**YOUR TASK**
How do the lines below between the ones holding "Sabro Tacos - Tacos" and "Du lịch Trung Quốc nên tham quan những đâu", inclusive, read? Give them again exactly, with no other lines.

[Extracted data entries]

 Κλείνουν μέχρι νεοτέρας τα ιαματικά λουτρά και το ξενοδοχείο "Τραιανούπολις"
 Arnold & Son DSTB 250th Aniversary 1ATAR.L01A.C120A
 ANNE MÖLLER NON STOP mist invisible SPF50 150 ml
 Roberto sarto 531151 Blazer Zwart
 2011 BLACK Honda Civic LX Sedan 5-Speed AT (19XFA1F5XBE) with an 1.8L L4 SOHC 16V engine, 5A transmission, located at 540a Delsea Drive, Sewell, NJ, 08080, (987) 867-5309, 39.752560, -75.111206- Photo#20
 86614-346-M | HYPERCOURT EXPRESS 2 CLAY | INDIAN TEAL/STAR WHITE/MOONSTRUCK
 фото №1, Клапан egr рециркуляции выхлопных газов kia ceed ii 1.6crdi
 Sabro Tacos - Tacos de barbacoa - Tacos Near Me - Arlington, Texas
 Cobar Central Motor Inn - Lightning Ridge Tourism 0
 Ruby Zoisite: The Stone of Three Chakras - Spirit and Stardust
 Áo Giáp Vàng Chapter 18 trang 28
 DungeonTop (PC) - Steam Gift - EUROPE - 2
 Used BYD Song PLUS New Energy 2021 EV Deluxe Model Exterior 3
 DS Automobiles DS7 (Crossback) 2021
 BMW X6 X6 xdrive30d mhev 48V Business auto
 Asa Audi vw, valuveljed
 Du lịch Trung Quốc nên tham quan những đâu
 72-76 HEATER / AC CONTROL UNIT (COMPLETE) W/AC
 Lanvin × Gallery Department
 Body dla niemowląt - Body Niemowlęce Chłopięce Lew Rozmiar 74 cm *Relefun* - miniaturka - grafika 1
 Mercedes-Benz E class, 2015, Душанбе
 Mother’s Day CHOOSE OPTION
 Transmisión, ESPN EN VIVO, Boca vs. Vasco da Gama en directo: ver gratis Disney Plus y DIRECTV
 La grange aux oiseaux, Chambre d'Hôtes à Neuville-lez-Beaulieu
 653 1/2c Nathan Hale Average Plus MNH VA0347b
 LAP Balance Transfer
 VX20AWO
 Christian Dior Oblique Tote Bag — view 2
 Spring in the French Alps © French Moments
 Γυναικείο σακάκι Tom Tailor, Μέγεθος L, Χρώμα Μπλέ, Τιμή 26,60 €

**OUTPUT FOR THIS TASK**
 Sabro Tacos - Tacos de barbacoa - Tacos Near Me - Arlington, Texas
 Cobar Central Motor Inn - Lightning Ridge Tourism 0
 Ruby Zoisite: The Stone of Three Chakras - Spirit and Stardust
 Áo Giáp Vàng Chapter 18 trang 28
 DungeonTop (PC) - Steam Gift - EUROPE - 2
 Used BYD Song PLUS New Energy 2021 EV Deluxe Model Exterior 3
 DS Automobiles DS7 (Crossback) 2021
 BMW X6 X6 xdrive30d mhev 48V Business auto
 Asa Audi vw, valuveljed
 Du lịch Trung Quốc nên tham quan những đâu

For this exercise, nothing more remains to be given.